1) Saw J twice today. In class and on the way to lib. The funny thing is, the initial attraction that i've always felt when i see her is inexplicably milder now. Maybe it's coz i refuse to be drawn into a vicious circle of sadness and disappointments when she's already attached. Maybe it's a self-inflicted suppression of emotions on my part. I seem to be pretty good at that. I'm not over her yet. I know that. Yet i refuse to cling on to the possibility that she could be available one day and i would be there for her. It's a long drawn out battle this one, one i can do without right now. I have to confess that despite my earlier preachings, i cant seem to be able to be friends with her. It juz seems to me that with regards to her, i seem to have lost my interest. My original interest of romancing her took a hard fall back to reality. Right now, it's like i dont even want to try and be frenz with her, to take our relationship beyond that of being mere acquaintances. Maybe i'm afraid. Afraid of falling deeper into the vicious circle i talked about earlier. Afraid that my futile attraction for her would blind me to the positivity of other gals. The dilemma that i have right now is, how to be friends with her w/out me and her feeling that tension? That tension which i create when i cant stop picturing her as a target and subsequently which my actions betray. Where is the Love?
2)Being a creature of emotions and sentimentality, the L word seems pretty elusive to me. Maybe i dont feel it even though it's there. Maybe i cant see it coz the other party is not my object of desire and affection. Maybe i'm expecting too much. Maybe i dont even know what it means to love and be loved. Maybe i dont know how to love in the first place. Again, maybes. Someone show me!!!
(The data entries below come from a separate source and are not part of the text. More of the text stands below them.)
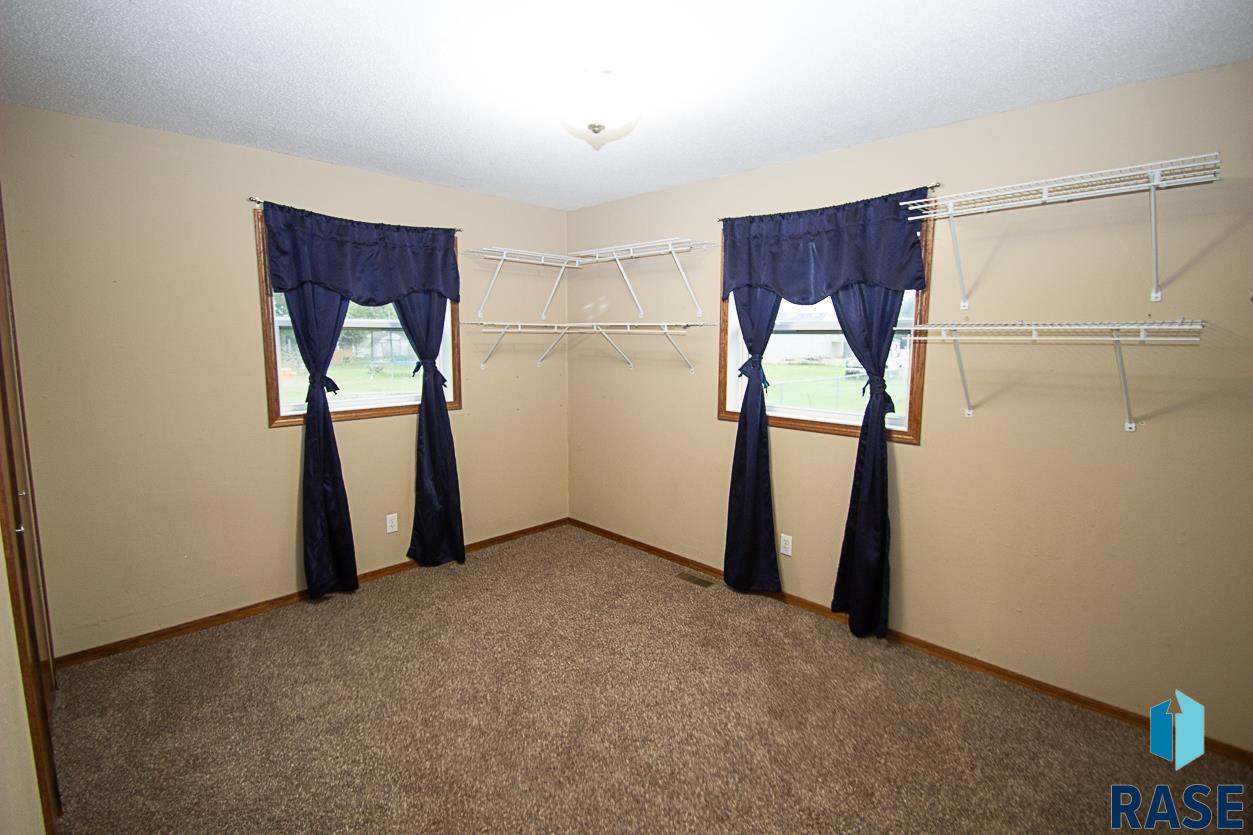 717 SW 2nd St Street, Madison, South Dakota image 11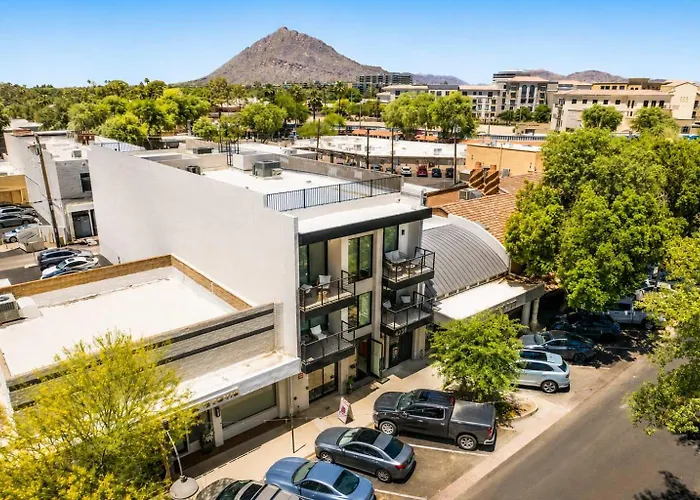 Lux At Craftsman - Heart Of Old Town 2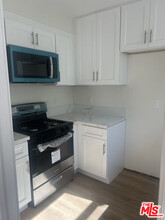 4129 W Toluca Lake Ave in Burbank, CA - Building Photo - Building Photo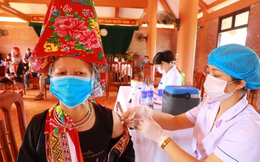Huyện có tỷ lệ tiêm vắc xin COVID-19 cao nhất Việt Nam, đã tiêm Sinopharm cho 80% người trên 18 tuổi: Chúng tôi chỉ nói “3 thật”!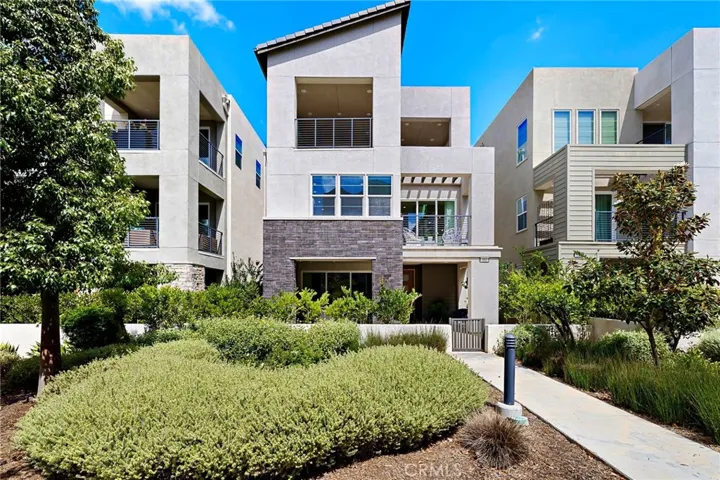 102 Pattern, Irvine, California 92618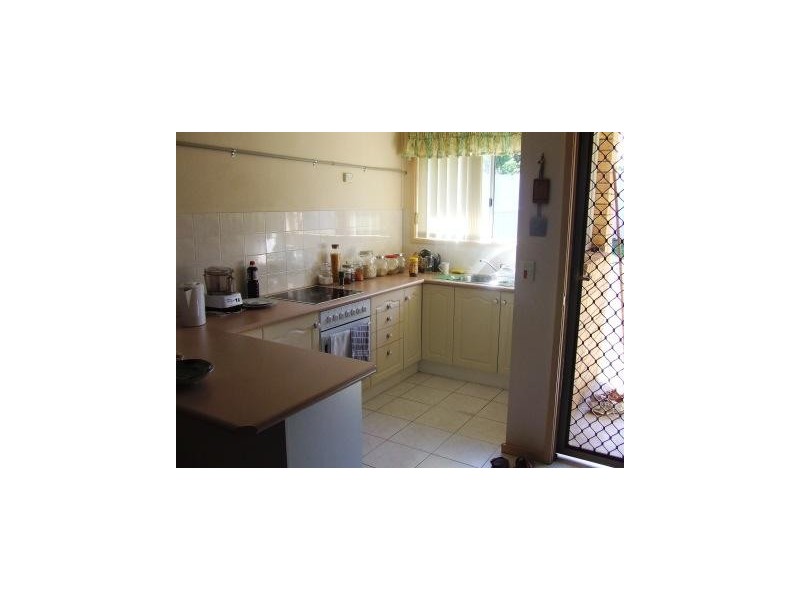 1/10 Townhead Crescent, Singleton NSW 2330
Alright, enough of bitching about love and its elusiveness. ED sent me a song jus now and it's been in repeat mode ever since. The lyrics struck a chord in me.

Disguise

Have you ever felt some kind of emptiness inside
You will never measure up, to those people you
Must be strong, can't show them that you're weak
Have you ever told someone something
That's far from the truth
Let them know that you're okay
Just to make them stop
All the wondering, and questions they may have

I'm okay, I really am now
Just needed some time, to figure things out
Not telling lies, I'll be honest with you
Still we don't know what's yet to come

Have you ever seen your face,
In a mirror there's a smile
But inside you're just a mess,
You feel far from good
Need to hide, 'cos they'd never understand
Have you ever had this wish, of being
Somewhere else
To let go of your disguise, all your worries too
And from that moment, then you see things clear

I'm okay, I really am now
Just needed some time, to figure things out
Not telling lies, I'll be honest with you
Still we don't know what's yet to come

Are you waiting for the day
when your pain will disappear
when you know that it's not true
what they say about you
you could not care less about the things
surrounding you
ignoring all the voices from the walls


I want to be able to be honest with myself and with others. Again, i cant seem to do it. Everyday is a test of my ability to carry off the facade of nonchalance that i put up. Not that it is not genuine or anything. It is juz that i keep showing only this nonchalant side of me to everybody. Everytime. I dont like to show my weakness. Think it's a male thing. Pride and all. I keep telling myself, someday someone will come along and i will then have no need for all these pretence and facades. I can be whoever i am and do whatever i want and say anything i feel like. Right now, with a level of sanity, i can safely say that i'm dreaming yet again. Why wait? Why wait for that someone to come along? Who knows when that someone will apprear? Do i want to keep on waiting? Or is destiny in my own hands? Or i am that someone i've been waiting? It is sad u know, to be half of someone who u know u can be.
Well, there's no need to despair for me. At least, i know i can be honest to a certain extent right here, on this blog. I dont care who reads this. I dont bother if u think highly or badly of me.
Or do I?
The ambiguity and capriciousness of a human mind.
My warped mind.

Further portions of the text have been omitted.